Of course, MCPs aren't perfect. Configuration can be painful - I often end up writing custom MCPs because existing ones don't quite fit my needs. The ecosystem is fragmented, with everyone building their own MCP hoping to get noticed.

There's also a real question about longevity. As AI code assistants get better at writing API integrations on the fly, will we even need MCPs? Maybe they're just a stepping stone to something better.

But right now, they're the fastest way to explore what happens when AI can orchestrate multiple tools. And what I'm seeing suggests we've only scratched the surface of what's possible.

What This Means for the Future of Work

The emergent behaviors I'm seeing with MCPs hint at a fundamental shift in how we'll work with AI. Instead of AI as a better search engine or writing assistant, we're moving toward AI as an intelligent orchestrator of our digital tools.

Imagine a future where you describe a goal to your AI assistant, and it figures out which tools to use and how to combine them to achieve it. Not because someone programmed that specific workflow, but because the AI can reason about the capabilities available to it.

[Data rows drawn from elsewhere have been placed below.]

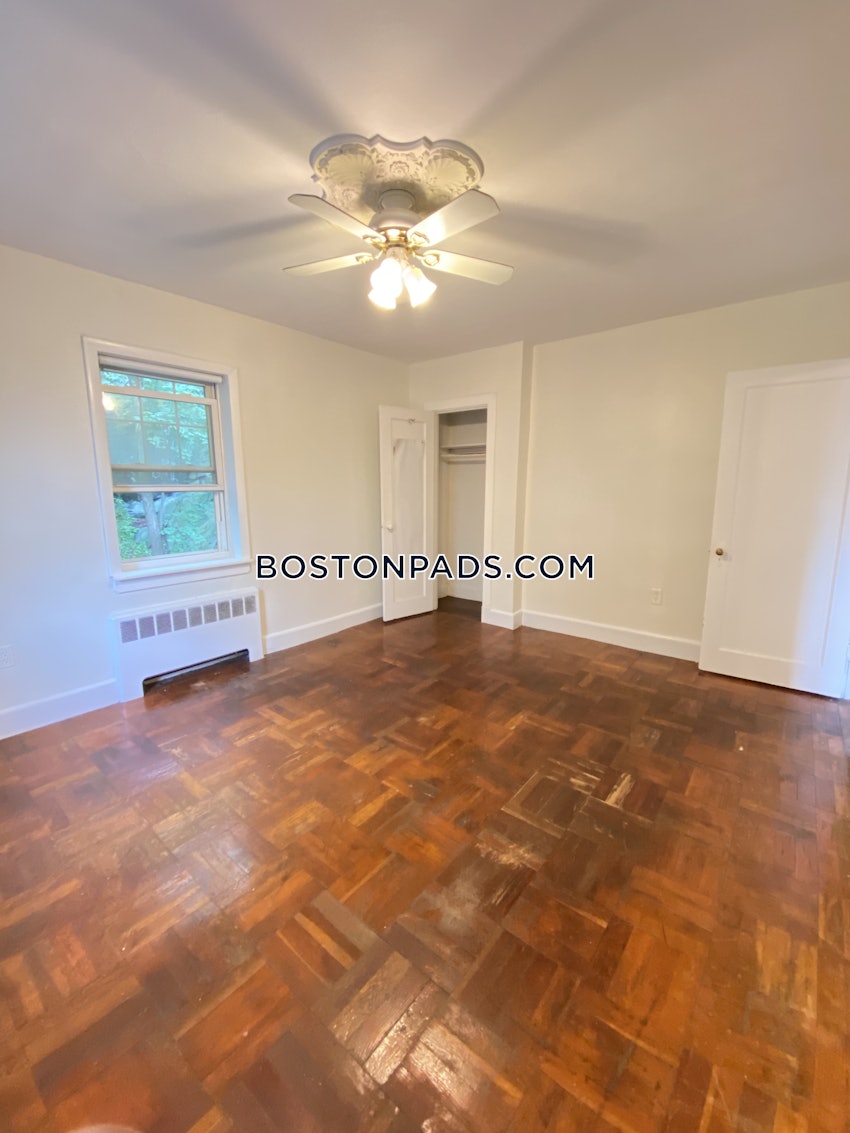 BOSTON - BRIGHTON - OAK SQUARE - 1 Bed, 1 Bath - Image 3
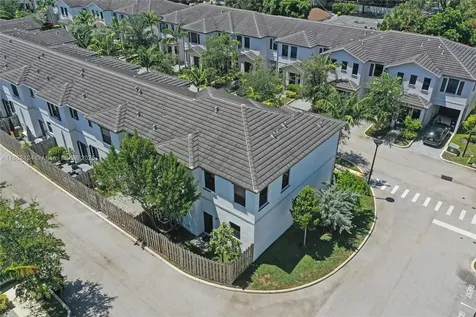 1600 SW 28 Street Fort Lauderdale FL 33315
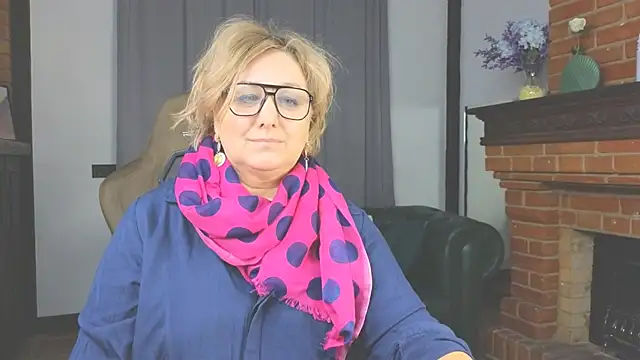 Marta Wils online show from 4, 12, 2025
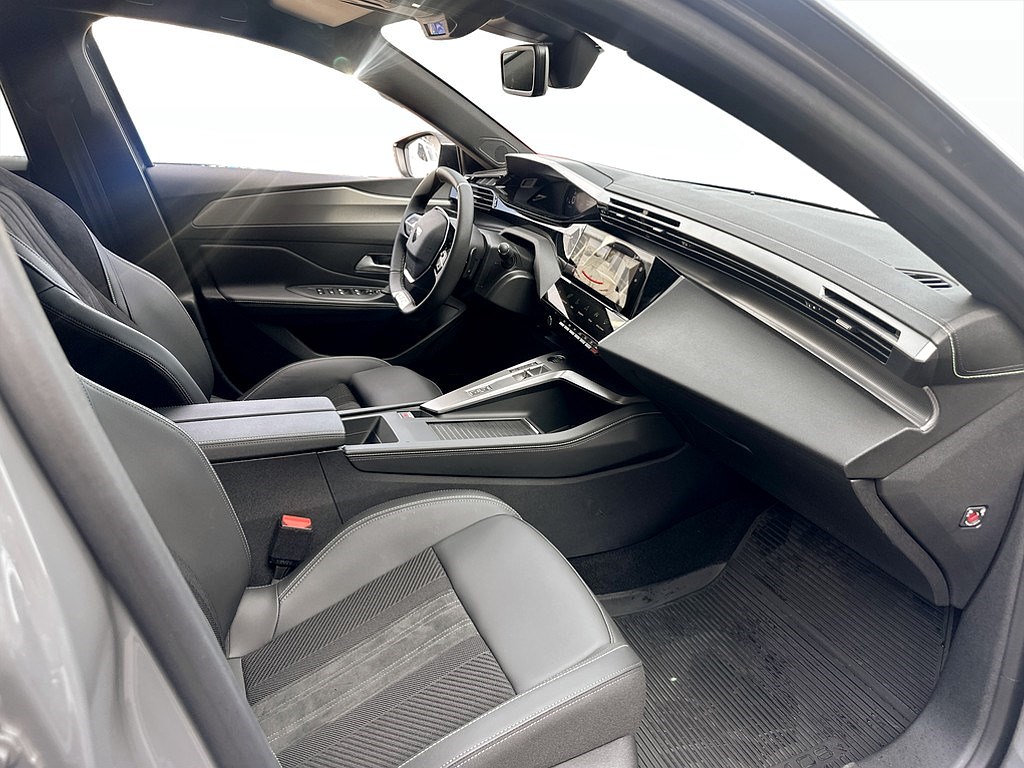 Bild på GT Hybrid 1.2 PT 136hk Aut - 360-KAMERA,CARPLAY,NAV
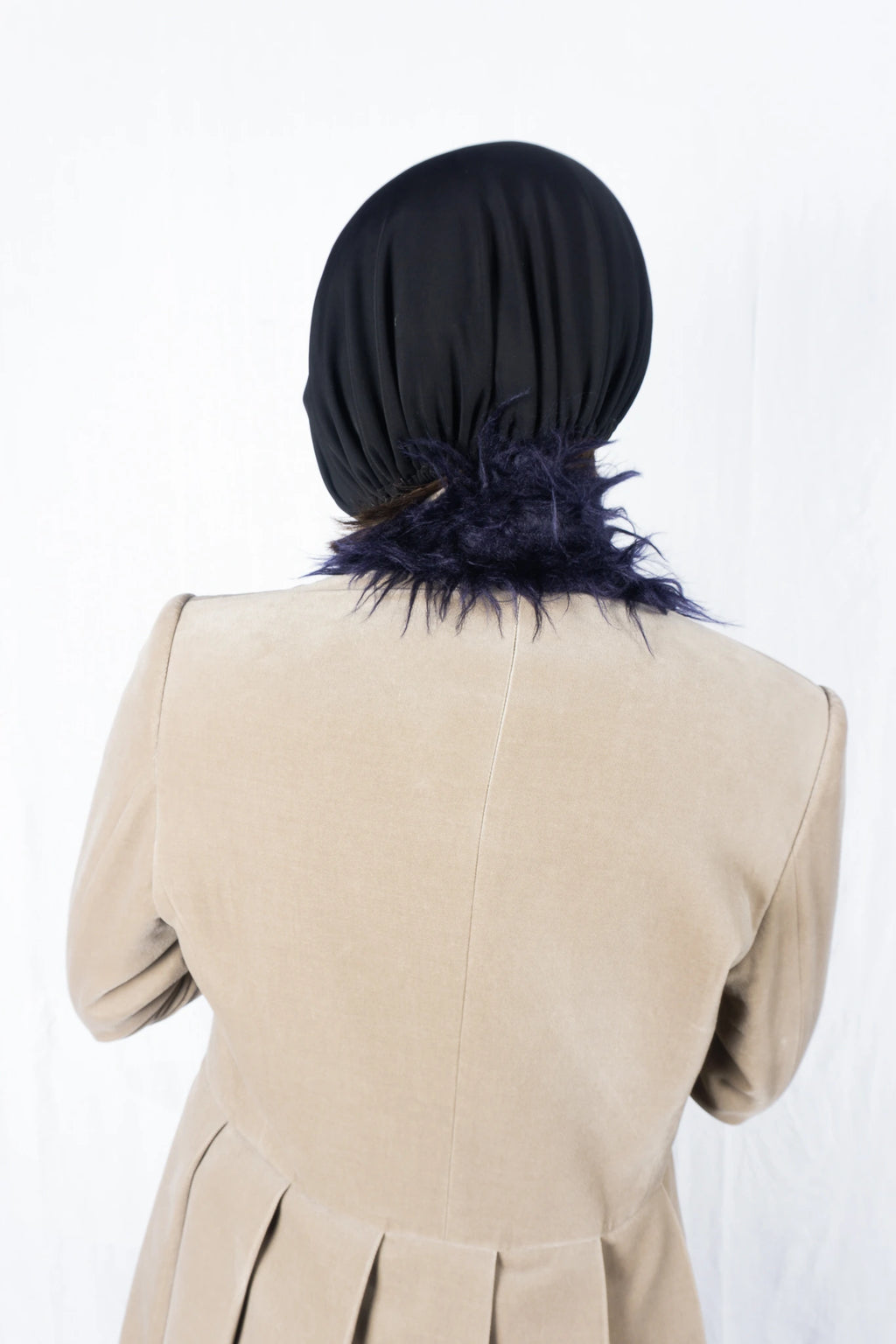 Undercover AW16 pleated velvet coat – collar detail | Recente Studio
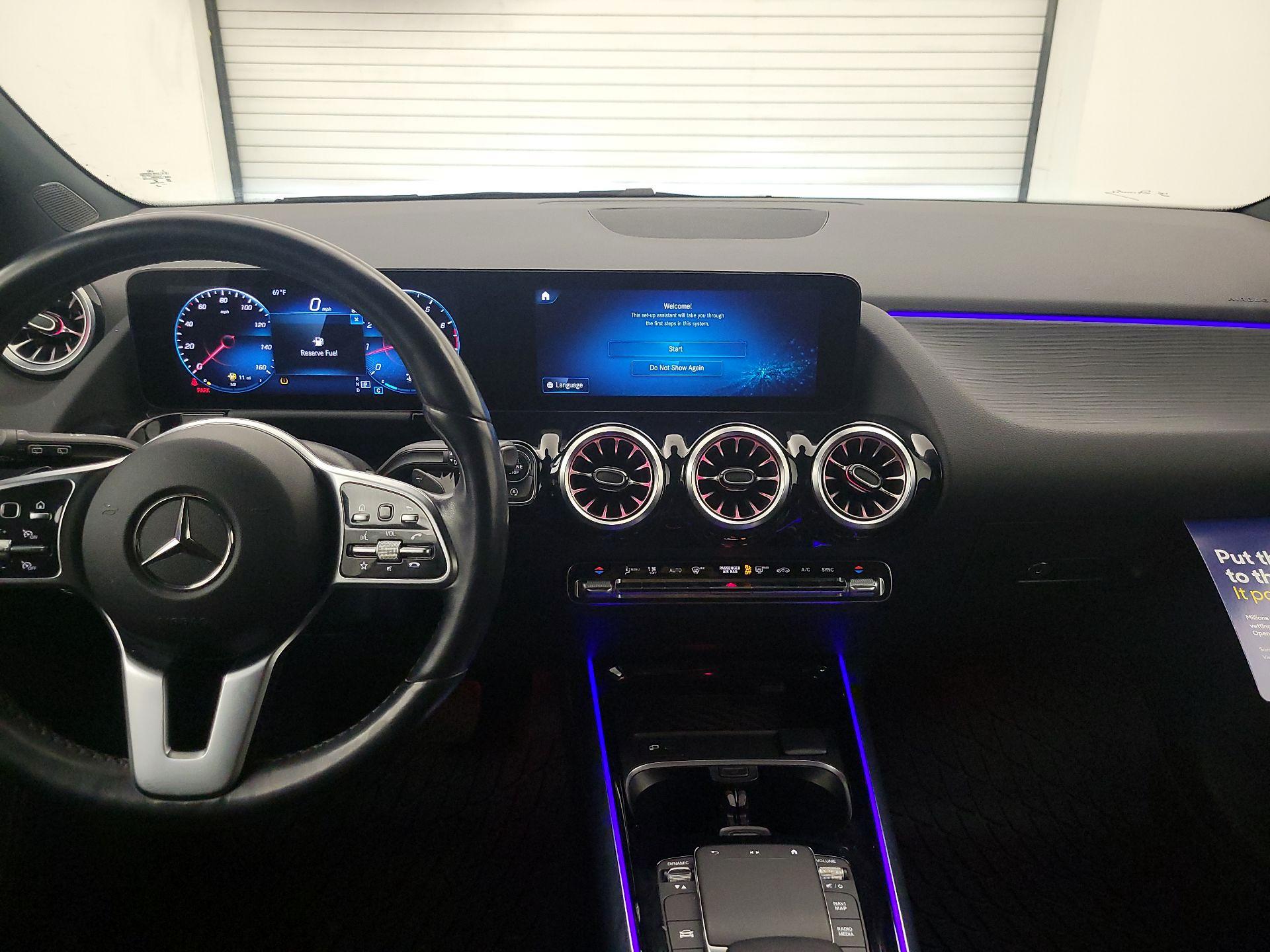 Thumbnail: 2023 Mercedes-Benz GLA - 9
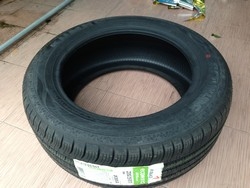 ขายยาง 235/55-17 kumho KH30 ปี12 ราคาถุกๆ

That's the promise of emergent AI workflows, and MCPs are giving us our first real taste of what that might look like.

Start Experimenting Now

If you're curious about this, I'd encourage you to start experimenting with MCPs yourself. Pick two or three tools you use daily and connect them to an AI assistant. Then watch for the unexpected.

What surprised me most wasn't the time saved on routine tasks - it was discovering entirely new ways of working I hadn't imagined. When AI can see across your tools and find its own solutions, the results can be genuinely surprising.

That's the real story with MCPs: they're not just about connecting AI to tools. They're about discovering what AI can do when it has the freedom to be creative with those connections.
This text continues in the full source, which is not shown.